** EXERCISE DATA **
....................

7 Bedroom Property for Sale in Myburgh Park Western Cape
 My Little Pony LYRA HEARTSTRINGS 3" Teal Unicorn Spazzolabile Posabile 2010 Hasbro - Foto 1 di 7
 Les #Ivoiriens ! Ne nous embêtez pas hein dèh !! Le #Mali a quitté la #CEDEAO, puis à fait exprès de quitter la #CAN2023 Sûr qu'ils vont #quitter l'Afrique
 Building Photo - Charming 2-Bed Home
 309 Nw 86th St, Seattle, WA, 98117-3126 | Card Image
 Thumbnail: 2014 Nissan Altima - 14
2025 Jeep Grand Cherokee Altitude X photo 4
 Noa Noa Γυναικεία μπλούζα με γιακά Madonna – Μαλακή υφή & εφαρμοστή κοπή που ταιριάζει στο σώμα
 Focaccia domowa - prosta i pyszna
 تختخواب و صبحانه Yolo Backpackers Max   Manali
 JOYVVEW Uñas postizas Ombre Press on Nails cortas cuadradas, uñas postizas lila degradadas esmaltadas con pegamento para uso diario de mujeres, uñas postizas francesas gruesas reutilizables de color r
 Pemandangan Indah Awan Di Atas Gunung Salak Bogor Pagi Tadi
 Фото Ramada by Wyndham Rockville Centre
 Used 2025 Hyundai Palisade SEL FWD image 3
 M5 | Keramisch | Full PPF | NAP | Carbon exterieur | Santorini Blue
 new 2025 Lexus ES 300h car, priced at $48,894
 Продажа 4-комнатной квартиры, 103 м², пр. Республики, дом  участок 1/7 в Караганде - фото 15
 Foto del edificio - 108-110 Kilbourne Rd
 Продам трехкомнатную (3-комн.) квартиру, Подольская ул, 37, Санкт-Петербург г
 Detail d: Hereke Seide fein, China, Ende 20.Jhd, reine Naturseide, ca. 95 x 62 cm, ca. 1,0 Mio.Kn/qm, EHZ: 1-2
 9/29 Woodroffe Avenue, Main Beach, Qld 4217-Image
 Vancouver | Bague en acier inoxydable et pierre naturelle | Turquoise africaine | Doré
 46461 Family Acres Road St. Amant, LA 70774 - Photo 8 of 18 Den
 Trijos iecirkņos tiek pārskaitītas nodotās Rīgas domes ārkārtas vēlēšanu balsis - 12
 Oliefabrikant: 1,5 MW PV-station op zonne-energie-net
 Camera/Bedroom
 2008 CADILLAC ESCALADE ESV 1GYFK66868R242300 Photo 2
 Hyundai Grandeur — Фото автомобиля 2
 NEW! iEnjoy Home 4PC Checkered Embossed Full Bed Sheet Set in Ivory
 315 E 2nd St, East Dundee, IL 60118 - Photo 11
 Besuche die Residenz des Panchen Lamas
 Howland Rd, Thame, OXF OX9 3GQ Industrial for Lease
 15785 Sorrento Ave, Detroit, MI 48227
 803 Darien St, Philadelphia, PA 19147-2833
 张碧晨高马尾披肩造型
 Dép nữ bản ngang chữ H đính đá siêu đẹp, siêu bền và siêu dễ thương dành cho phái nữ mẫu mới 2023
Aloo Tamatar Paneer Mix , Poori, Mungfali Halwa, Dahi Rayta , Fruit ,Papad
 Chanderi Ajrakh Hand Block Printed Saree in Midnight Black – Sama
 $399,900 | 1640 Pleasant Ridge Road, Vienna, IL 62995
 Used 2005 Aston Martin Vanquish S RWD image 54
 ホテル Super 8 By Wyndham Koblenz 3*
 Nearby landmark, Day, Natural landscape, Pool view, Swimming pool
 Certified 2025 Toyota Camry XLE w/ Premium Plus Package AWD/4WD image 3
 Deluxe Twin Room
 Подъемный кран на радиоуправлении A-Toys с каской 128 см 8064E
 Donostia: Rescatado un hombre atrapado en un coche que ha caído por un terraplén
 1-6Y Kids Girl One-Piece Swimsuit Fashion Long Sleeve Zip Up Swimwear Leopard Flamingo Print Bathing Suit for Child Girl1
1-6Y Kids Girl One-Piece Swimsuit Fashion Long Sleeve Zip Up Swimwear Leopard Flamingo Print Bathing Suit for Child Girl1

....................

** ASSIGNMENT **
What you return must be the lines above that run from the line with "Hyundai Grandeur — Фото автомобиля 2" to the line with "Nearby landmark, Day, Natural", inclusive, each copied exactly.

** RESPONSE AREA **
 Hyundai Grandeur — Фото автомобиля 2
 NEW! iEnjoy Home 4PC Checkered Embossed Full Bed Sheet Set in Ivory
 315 E 2nd St, East Dundee, IL 60118 - Photo 11
 Besuche die Residenz des Panchen Lamas
 Howland Rd, Thame, OXF OX9 3GQ Industrial for Lease
 15785 Sorrento Ave, Detroit, MI 48227
 803 Darien St, Philadelphia, PA 19147-2833
 张碧晨高马尾披肩造型
 Dép nữ bản ngang chữ H đính đá siêu đẹp, siêu bền và siêu dễ thương dành cho phái nữ mẫu mới 2023
Aloo Tamatar Paneer Mix , Poori, Mungfali Halwa, Dahi Rayta , Fruit ,Papad
 Chanderi Ajrakh Hand Block Printed Saree in Midnight Black – Sama
 $399,900 | 1640 Pleasant Ridge Road, Vienna, IL 62995
 Used 2005 Aston Martin Vanquish S RWD image 54
 ホテル Super 8 By Wyndham Koblenz 3*
 Nearby landmark, Day, Natural landscape, Pool view, Swimming pool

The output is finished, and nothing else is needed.